En vrac, et sans être très original, on peut déplorer la pauvreté du scénario qui n'effleure que les drames profonds pour ne s'intéresser qu'aux coucheries de tous les personnages, l'aspect promo-clip du bassin d'Arcachon et cette fois-ci de l'initiation au saut en parachute, l'impression désagréable d'entre-soi chichiteux, les plans mièvres et/ou clichés (dont les couchers de soleil, mon Dieu !), le cabotinage de certains acteurs (Cluzet en fait trop et Garcia est insupportable), etc.
L'impression que donne au final le film, c'est que Guillaume Canet est un réalisateur enthousiaste et techniquement plutôt bon, qui ne peut malheureusement pas s'empêcher de commettre inévitablement d'énormes fautes de goût.
C'est d'autant plus dommage que le film commence beaucoup mieux qu'il ne finit. La première demi-heure est plutôt agréable, prodiguant une ambiance en demi-teinte d'ouverture de maison et de ressassements mélancoliques. Cotillard, Lelouch et surtout Lafitte sont alors tous plutôt convaincants.
A voir éventuellement si vous avez vu le premier, pour vous faire une idée. Pour moi, c'est kif-kif.

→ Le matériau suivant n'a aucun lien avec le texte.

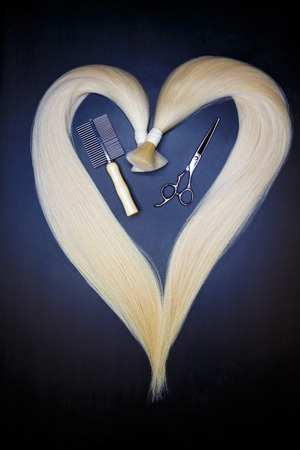 hair extension equipment of natural blonde hair. heart shape on a dark background.の写真素材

Excellente surprise que ce film belge délicieusement rétro. Tout est parfait dans ce revival de film noir des années 50 : le scénario machiavélique, les couleurs pétantes, la reconstitution d'époque, le jeu des deux actrices principales, la mise en scène inventive toute en symétrie.
Le réalisateur Olivier Masset-Depasse dépasse (!) ce qui aurait pu être un exercice de style brillant pour nous entraîner beaucoup plus loin, quelque part entre le Hitchcock de Vertigo et le Clouzot des Diaboliques. En voyant ce type de films, je me prends à mesurer à quel point les scénarios des films d'aujourd'hui sont timorés en matière d'imagination et de noirceur, à part bien entendu dans le cinéma asiatique.
Si le film est une pleine réussite, c'est en grande partie grâce à ces deux actrices : la brune Veerle Baetens (qu'on a vu dans Alabama Monroe et Les Ardennes) répond parfaitement à la blonde Anne Coesens, par ailleurs épouse dans la vie du réalisateur.
Duelles impressionne par sa compacité et la cohérence de son projet artistique. Je le conseille vivement.
Le cinéma d'André Téchiné semble au fil du temps tendre vers un certain classicisme : personnages bien dessinés, intrigue qui se nourrit de l'interaction entre les protagonistes, montage classique, décors naturels magnifiés.
L'adieu à la nuit est de ce point de vue une vraie réussite. Catherine Deneuve excelle dans ce rôle de grand-mère terrienne, et pour son huitième film avec son complice André Téchiné, elle fait la preuve qu'elle est vraiment une actrice monstrueuse. Kacey Mottet Klein et Oulaya Hamamra (si vous pensez l'avoir déjà vu crever l'écran, ne cherchez pas, c'est dans Divines) fournissent à la grande Catherine une opposition de haut niveau.
Sur le sujet casse-gueule de la radicalisation, Téchiné réalise un quasi sans-faute. On perçoit que le film se base sur une soigneuse documentation, et la façon dont les modalités d'un exil en Syrie sont décrites est glaçante de précision (les coûts à engager, le rôle des intermédiaires...).
Les raisons de la radicalisation d'Alex ne sont qu'esquissées, mais le peu qu'on en comprend (une raison de vivre, une quête de pureté, un rejet du mode de vie occidental, l'absence de la mère) suffit à donner une vraie épaisseur à sa démarche.
La mise en scène est remarquablement vive et enlevée pour un monsieur de 76 ans.
En résumé, un bon moment, peut-être (et c'est le reproche principal qu'on peut faire au film) un peu trop long.